▶ [Dataset excerpt]:
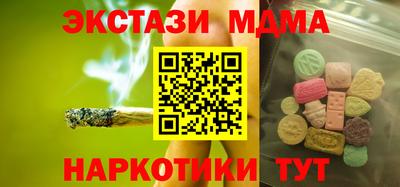 дистиллят марихуана Апрелевка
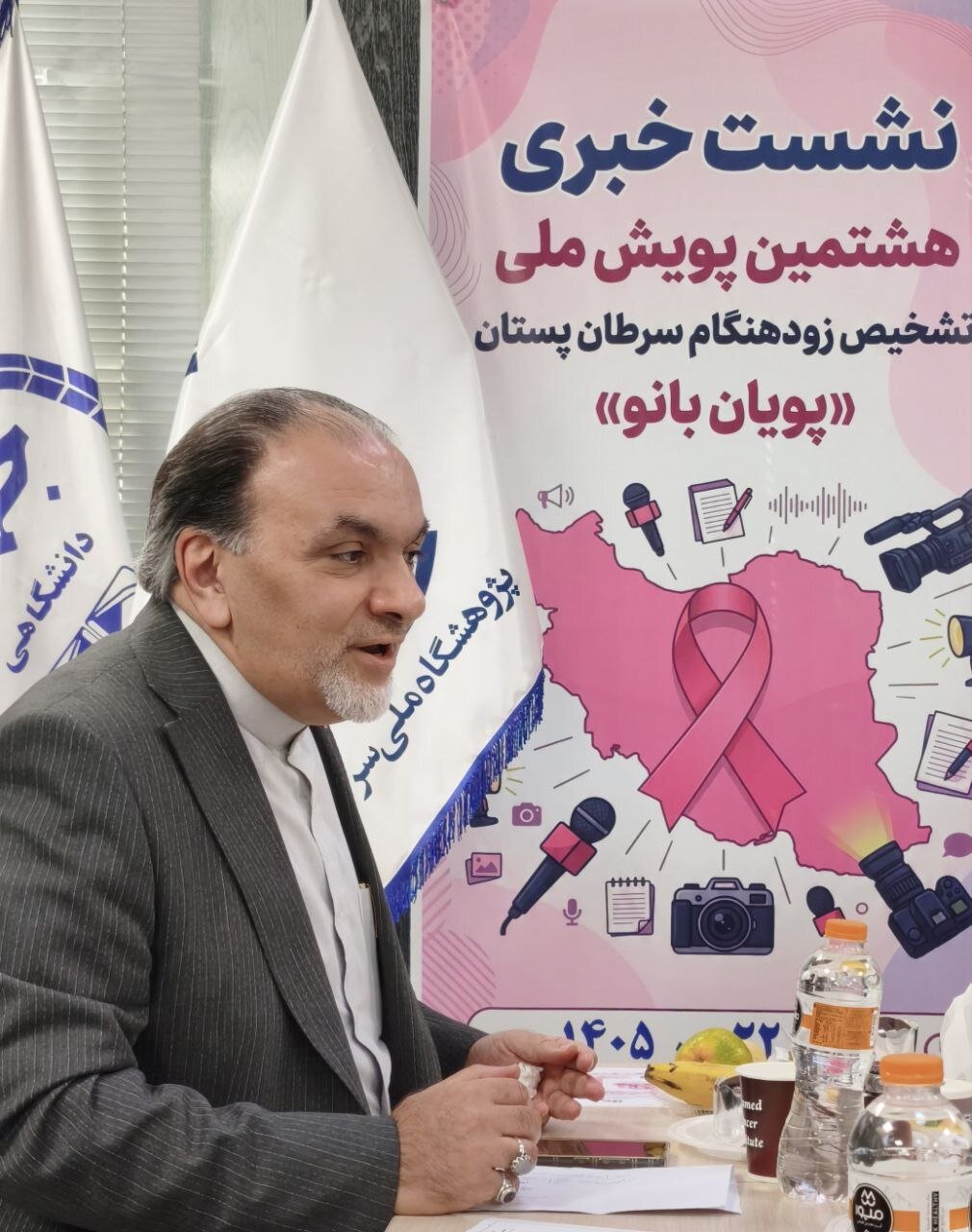 تشخیص زودهنگام سرطان پستان، شانس زنده‌ماندن را به ۹۵ درصد می‌رساند | درمان نباید به جیب بیمار وابسته باشد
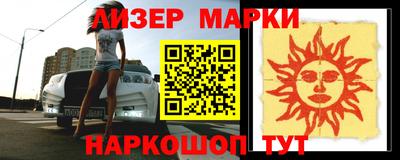 гидропоника Абинск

▶ [What is being asked]: Without including any images, output the data exactly as given.

▶ [Answer to this problem]:
 дистиллят марихуана Апрелевка
 تشخیص زودهنگام سرطان پستان، شانس زنده‌ماندن را به ۹۵ درصد می‌رساند | درمان نباید به جیب بیمار وابسته باشد
 гидропоника Абинск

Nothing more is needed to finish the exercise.